A leaf from the King James version of the Bible, printed by Robert Barker in London in 1613

For me, it all began with a leaf from the King James Bible. It was bought by an aunt of my wife in a London street market many years ago, and eventually given to me. Later, when visiting Charles Traylen's bookshop in the English town of Guildford – the shop's now gone, alas – I found he was selling small batches of assorted leaves assembled from incomplete copies of books, some dating back to the pre-1501 incunabula period. More by chance than intent I had the beginnings of a collection.

There was a thrill in having in one’s home these objects, created by papermakers and printers long ago, that had somehow survived five centuries of European history. By my later standards these first leaves were nothing very special, but they only cost three or four pounds apiece.

Fuelled by a long-standing interest in typography I began to study my leaves. I was fortunate to be working at the time in an institution whose library had on its open shelves the many volumes of the magisterial Catalogue of books printed in the XVth century now in the British Library which appeared from 1908 onwards. From its pages I learned much about the early history and geography of printing, and about the originators of my own leaves and the typefaces they used.

My collecting became more discriminating but also more costly as I began to chase rarer examples. Visits to Book Fairs and specialist antiquarian booksellers were productive, and more recently I have made occasional purchases on eBay. Rummaging in boxes in back corners of secondhand bookshops occasionally bore fruit, though few such places now survive.

An advantage of collecting leaves is that they take so little space in the home. My collection of some 130 specimens lives, in archival sleeving, in just two A3-size ring binders, though the thirty most attractive leaves are framed and take up more room

Today the urge to collect is waning; I’ve got more than enough leaves to be going on with. The spectre looms of the misanthropic obsessive collector gloating over his treasures alone in his garret. It’s time to share my leaf collection more widely; hence this website.

"LEAF. A part of a book, containing two pages." (Johnson's Dictionary, 1755)

 A bifolium

Two leaves from a Breviary, a compact church service book, printed in two colours in Venice in about the year 1500.

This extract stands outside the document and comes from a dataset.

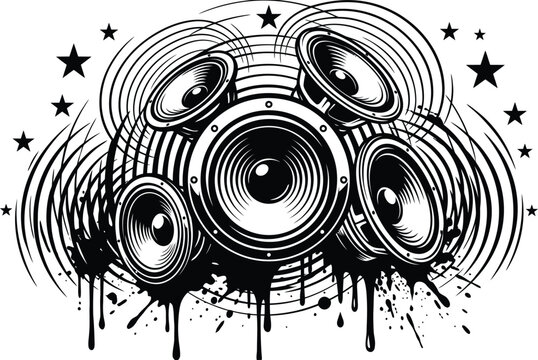 Black and white illustration of music speakers with sound waves and stars, grunge style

To anyone concerned with old books the word 'leaf' means a piece of paper or vellum that normally carries two pages of text. The one on the front is called the recto page and forms the right hand page of an open book, and the one on the back is the verso page. We still use the word leaf in connection with books in expressions such as 'leafing through the pages', 'see overleaf', and 'turning over a new leaf'.

On this website you can find high-resolution scans of leaves from my collection, along with with some information about many of them (but I am not an expert).

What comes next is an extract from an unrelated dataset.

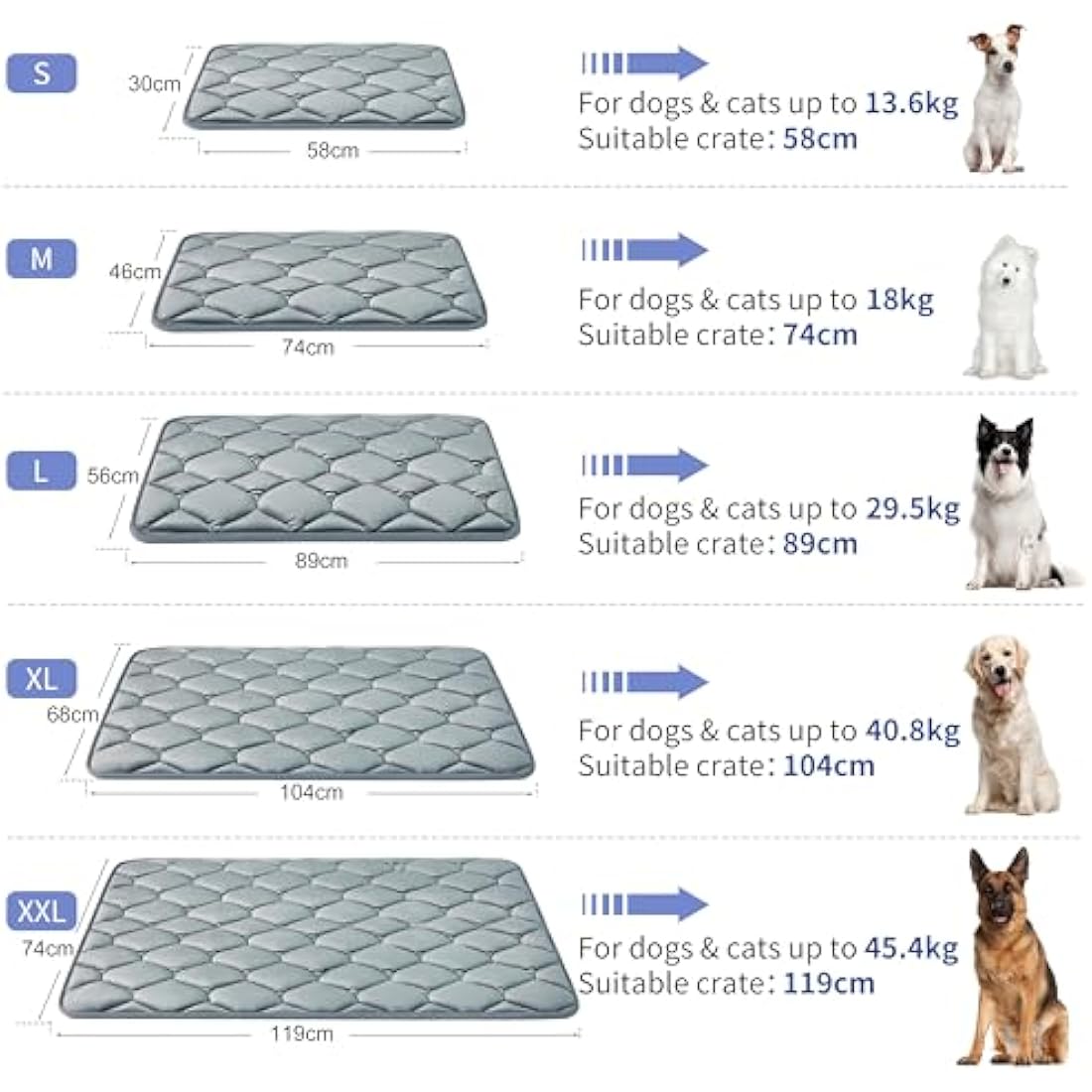 Geegoos Large Memory Foam Dog Crate Mat – Washable Pet Bed, Grey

No whole book suffered in the making of this collection

Dismembering whole books and selling them leaf by leaf sounds like sacrilege. And so it is.

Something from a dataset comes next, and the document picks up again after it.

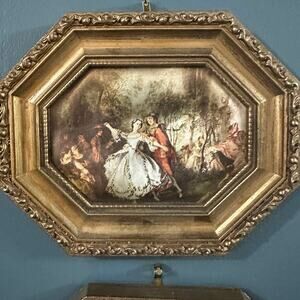 VTG Mini Victorian Ornate Italian Silk Art Picture Brass Metal Frame 8x6.5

But what about books that are incomplete or damaged, and so of no interest to serious book-collectors? Is it wrong to share out leaves from such copies so that many who could never afford a complete book can study, enjoy and learn from them? Some would say Yes – and in a few countries, such as Italy, it is against the law to break up even an incomplete book, and even if it is privately owned. A year in jail could be the result of doing so.

Others, myself included, cannot agree. Provided the copy that is broken up is so badly damaged or incomplete as to be irremediable and hence unsaleable, and provided it is not a title so rare that few if any complete copies survive, then the palpable enjoyment many will get from owning individual leaves outweighs any qualms about the ethics. As I hope this website demonstrates, there is much more to be learned about early printing from a varied collection of a few dozen individual leaves, than from a single complete book costing many times more.

Of course I cannot be absolutely sure that no book suffered to provide a leaf in my collection, but given the financial incentive to keep books whole it seems most unlikely.

For a detailed discussion of these issues, see A Legal and Ethical Look at the Making of Leaf Books, by Michael Thompson, in the book Disbound and Dispersed, published by the Caxton Club of Chicago in 2005.